[[ Source data, beginning ]]

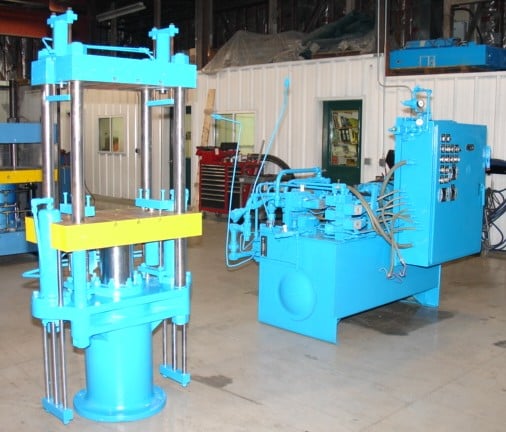 44 Ton, Williams, 21.5x17", up-act, 26" daylight, 12" stroke, 25 HP hydraulic system, 41" work hght, #34 - Image 1
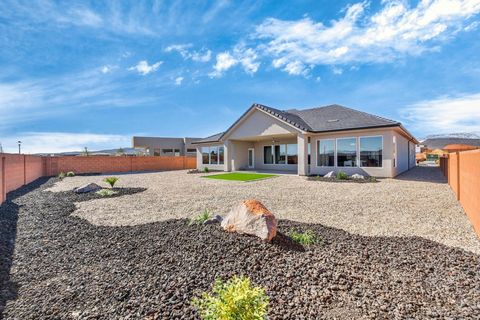 Tiny photo for 915 S 170 E, Ivins, UT 84738 (MLS # 2139182)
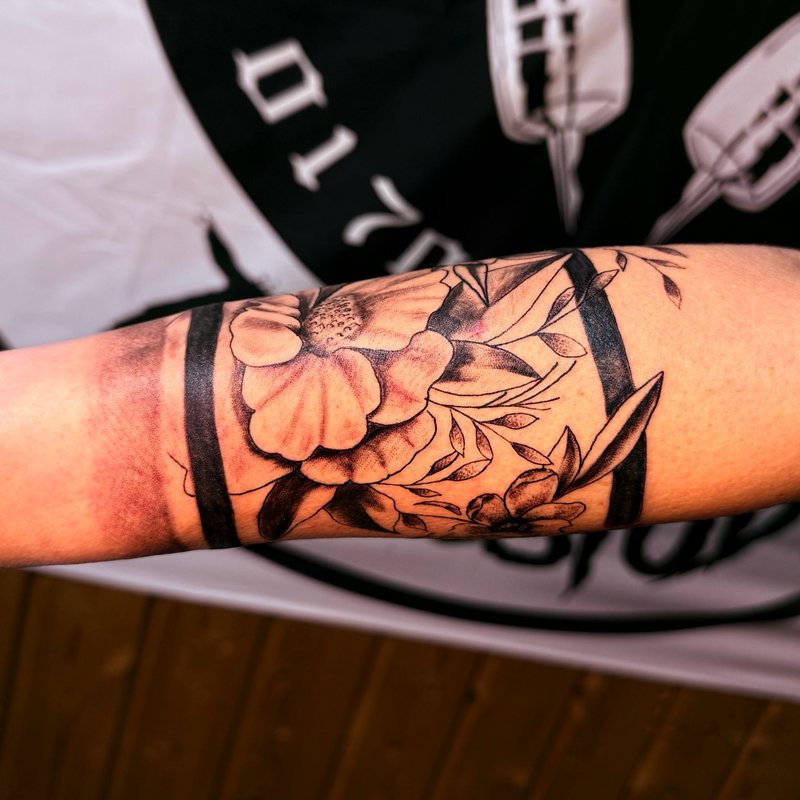 Blumen Armband Tattoo
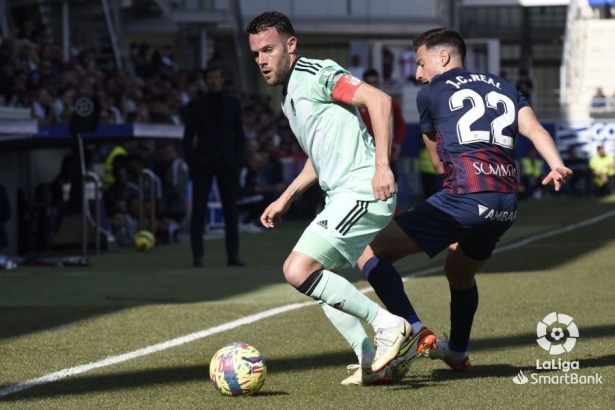 Quini, en una acción durante el partido en `El Alcoraz` (LALIGA)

[[ Source data, end ]]

• Task prompt: Please restate the data word for word, leaving out any picture it holds.

• Reply:
 44 Ton, Williams, 21.5x17", up-act, 26" daylight, 12" stroke, 25 HP hydraulic system, 41" work hght, #34 - Image 1
 Tiny photo for 915 S 170 E, Ivins, UT 84738 (MLS # 2139182)
 Blumen Armband Tattoo
 Quini, en una acción durante el partido en `El Alcoraz` (LALIGA)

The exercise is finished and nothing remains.